You’re not in the camp that worries about a double-dip recession?

The more likely scenario is a square-root economy, whereby we get a V-shaped recovery initially, followed by a flattening out of economic growth.

How do you weigh the current opportunities in the stock market versus the potential risks?

As we now know in hindsight, the opportunities were phenomenal back in March, and it’s not going out on a limb to say they’re less enticing now. That said, I don’t think we’re without opportunities. In the first phase of this bull market, we saw a market that was biased toward very, very low-quality companies. What we’re likely to see now is a shift into an environment in which fundamentals will come a little more into play and where the market will reward quality to a greater degree in the next leg of the cycle.

So should investors take profits in low-quality stocks and put the proceeds into blue chips?

The short answer is yes. The long answer relates to a process and a philosophy that investors should practice perpetually but that they rarely do. There’s a discipline that should be associated with long-term strategic asset allocation, particularly when markets are volatile. If your low-quality stocks are now a more dominant position in your portfolio, or your emerging-markets equities are a bigger percentage of your portfolio than they were when you first established your asset allocation, then your portfolio is telling you that you should be reining in your exposure in those areas. And the opposite goes for asset classes or individual positions that have become underrepresented in your portfolio.

Let’s talk about some potential risks to this new bull market. Rising inflation?

Not a near-term risk at all in my opinion.

Rising interest rates?

The Federal Reserve is going to have to start raising rates sooner than a lot of people think, particularly if it opts to rein in asset-price inflation.

Within a year?

It depends on the circumstances. The first thing we’ll likely see is a change in the language in the statements that come out of Federal Open Market Committee meetings.

Is a weak dollar a risk for stock investors?

One can argue just the opposite -- that any strength in the dollar will be a risk to the market because that’s exactly what’s been happening lately, at least on a day-to-day basis. The rally in stocks that started in March has been directly accompanied by a dollar weakness. There are a number of reasons for this, among them that a weaker dollar feeds into stronger exports. What I think is the real driver behind the weakness in the dollar is just the reversal of the risk trade. In late 2008 and early 2009, investors wanted to be nowhere other than in short-term Treasuries, resulting in a safe-haven flight to the dollar. Now we are seeing a reemergence of animal spirits and a flight away from the dollar.

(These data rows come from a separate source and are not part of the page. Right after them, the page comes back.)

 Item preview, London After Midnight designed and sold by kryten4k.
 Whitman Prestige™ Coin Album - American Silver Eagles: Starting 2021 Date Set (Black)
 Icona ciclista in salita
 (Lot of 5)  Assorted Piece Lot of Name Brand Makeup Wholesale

Should investors worry about the possibility that Congress will let the Bush tax cuts on dividends and capital gains expire at the end of 2010?

Yes. But they shouldn’t worry just about the Bush tax cuts. It’s tax policy in general, on both the personal side and on the corporate side. And one of the reasons we’ve seen things like the strength in gold and weakness in the dollar is pure uncertainty, and tax policy is just one of many things about which we have great uncertainty.

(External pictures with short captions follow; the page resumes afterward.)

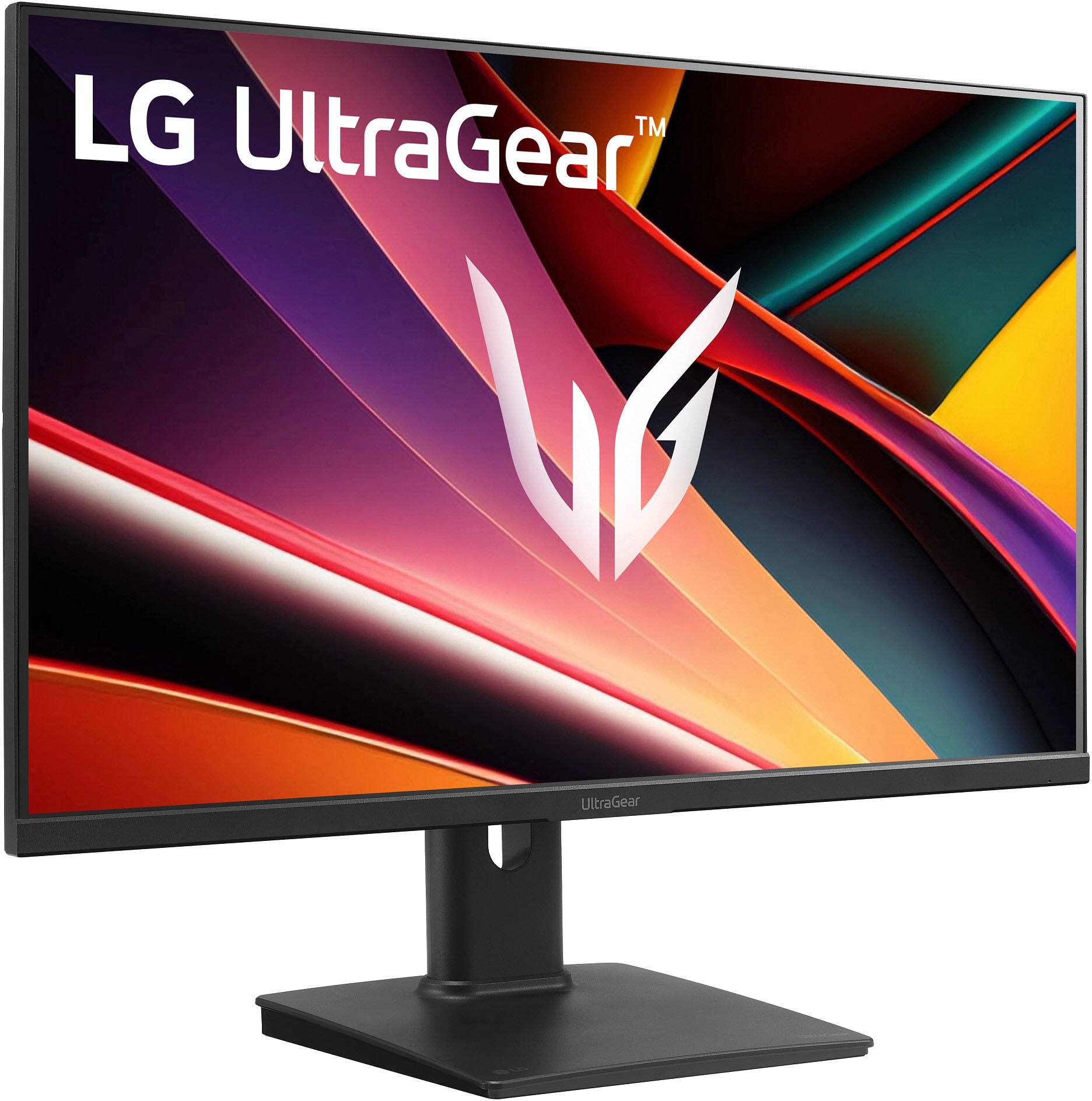 LG UltraGear™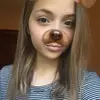 olivia - @olivia_gratzel - TikTok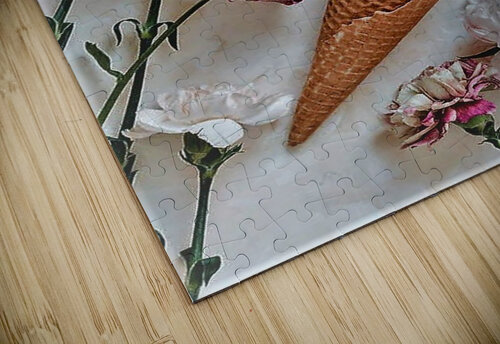 1669 mohamed elabari puzzle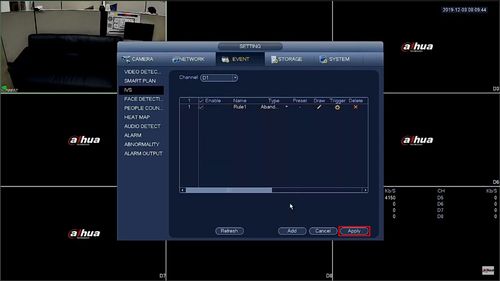 Abandoned Missing - SystemUI OldUI - 11.jpg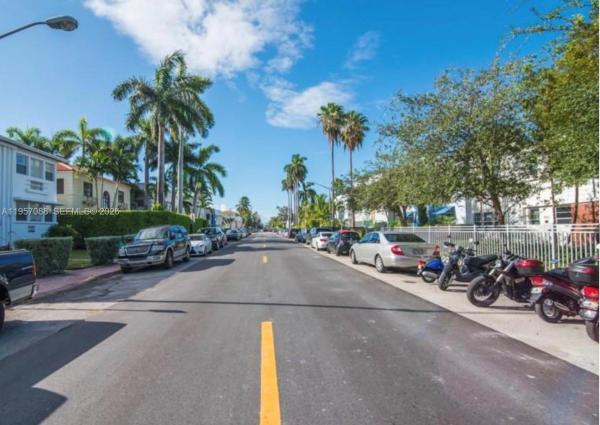 Sobe Phoenix, 1555 Pennsylvania Ave #202, Miami Beach, Florida 33139, image 3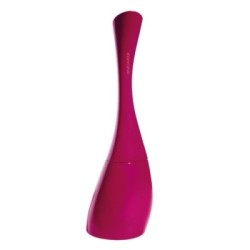 Kenzo Amour Edp Donna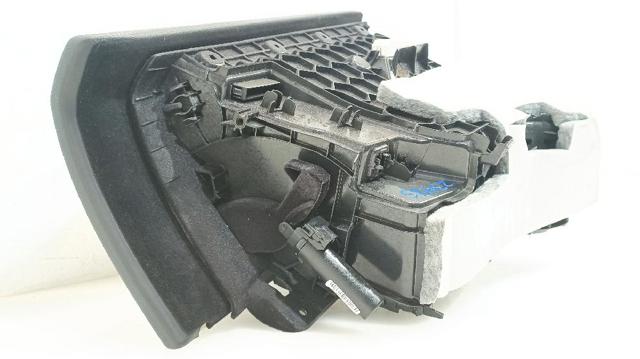 BMW 51169239345 Guantera  en stock Salamanca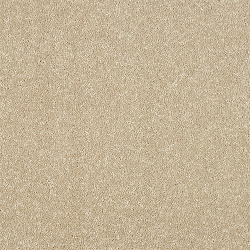 twisted_cotton_266248218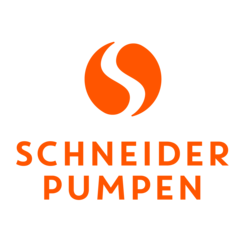 Niklas&Klaus Schneider GmbH&Co.KG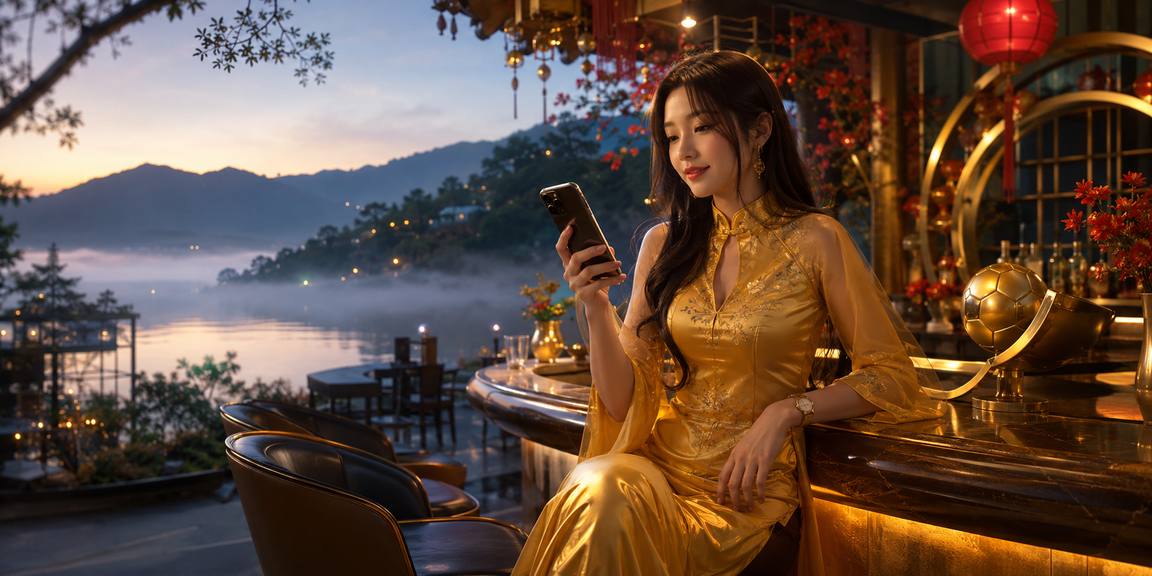bao 18 Ưu đãi thành viên mới
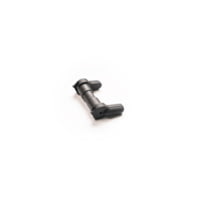 Geissele Super Configurable Safety Selector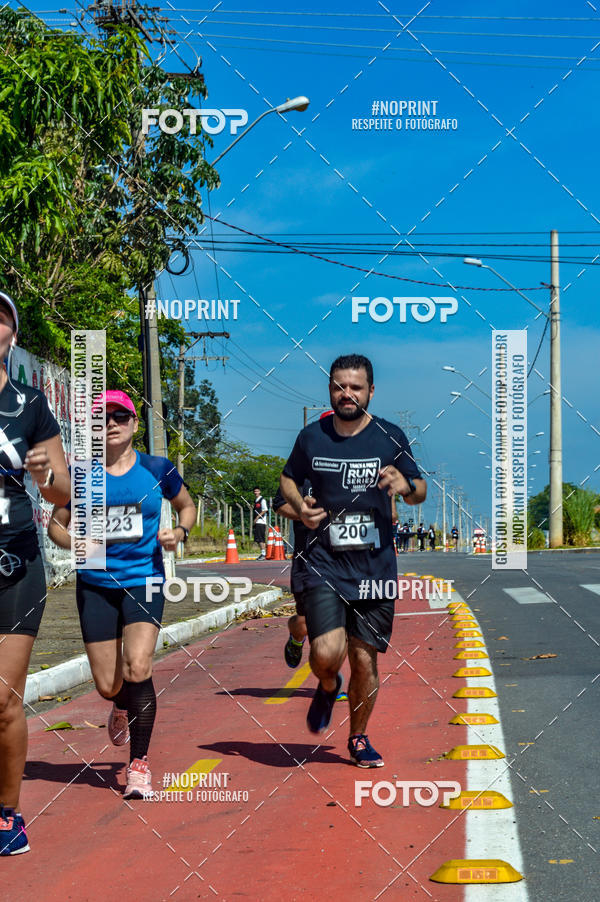 Buy your photos of the eventSANTANDER TRACK&FIELD RUN SERIES Taubat Shopping on Fotop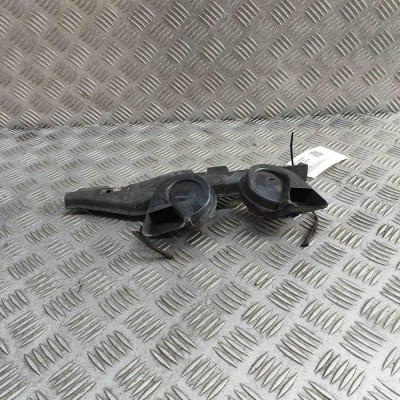 Claxon AUDI Q7 4L 2014 OEM: 4L0951229A 30971557 foto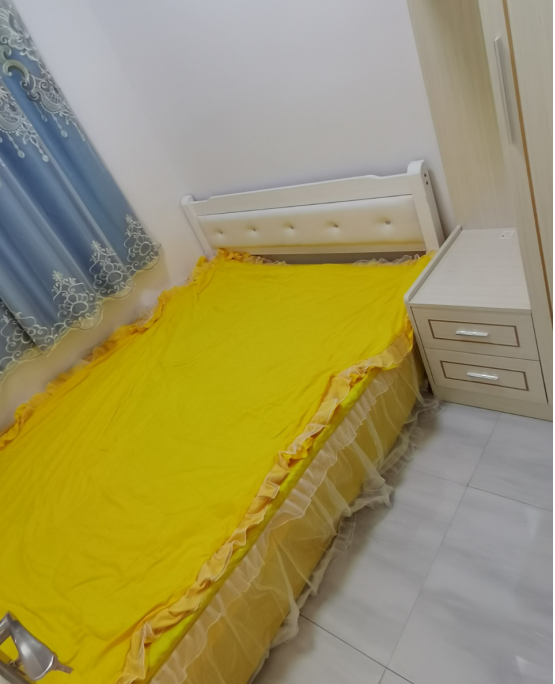 錦華學(xué)府陽光二房63.88萬起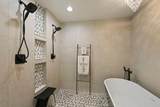 237 Sandy Cay Drive - Photo 24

A year from now, where will the stock-market indexes be relative to where they are today?

They’ll probably be higher, but it’s very unlikely that the path on the way to higher will look like it has the past seven months. When you have that strong a rally over that extended a period of time, the extreme optimism that accompanies it suggests that we increase the risk of larger corrections. I expect a choppy path, but that may be the better path.

What sectors look attractive now?

For the bulk of this rally, our sector ratings, which are made with a six- to nine-month time horizon, have had a cyclical bias, with “outperform” ratings on technology, materials and industrials. I wouldn’t yet say that that stance is getting long in the tooth, but at some point we will probably bias our outperform ratings a little bit away from those early-cyclical plays and toward more classically defensive sectors.

We’ve been hearing a lot about the “new normal,” referring to expectations of a period of subpar economic growth in the U.S. for years to come. Do you buy into that idea?

For the most part, yes. But let me give you a caveat. If that view is wrong, it may be because we see a significant impact on our economy of strong growth outside of the U.S. People may be underestimating the impact of non-U.S. consumers -- particularly consumers in emerging nations -- on the U.S. economy as it strives to become more export-oriented, a process that a weak dollar helps. The key is for us to take advantage of that trend and not muck it up with protectionist policies.

Bonds have beaten stocks over the past ten and even 20 years. Should investors continue to base their decisions on the idea of stocks winning over the long term?

After a ten-, 20-, 30-year stretch in which bonds have outperformed stocks, the cynic in me can’t help but ask, “Now you’re going to bias your asset allocation dramatically toward fixed-income because bonds have outperformed stocks?” I’m often skeptical about supposed major paradigm shifts, particularly as they relate to how people invest their money based on performance that has already happened. That said, as the baby-boomers get older and retire, they will have a greater need to protect and preserve what they have. That provides a natural demand for fixed-income investments. That demand will come for the natural and correct reasons.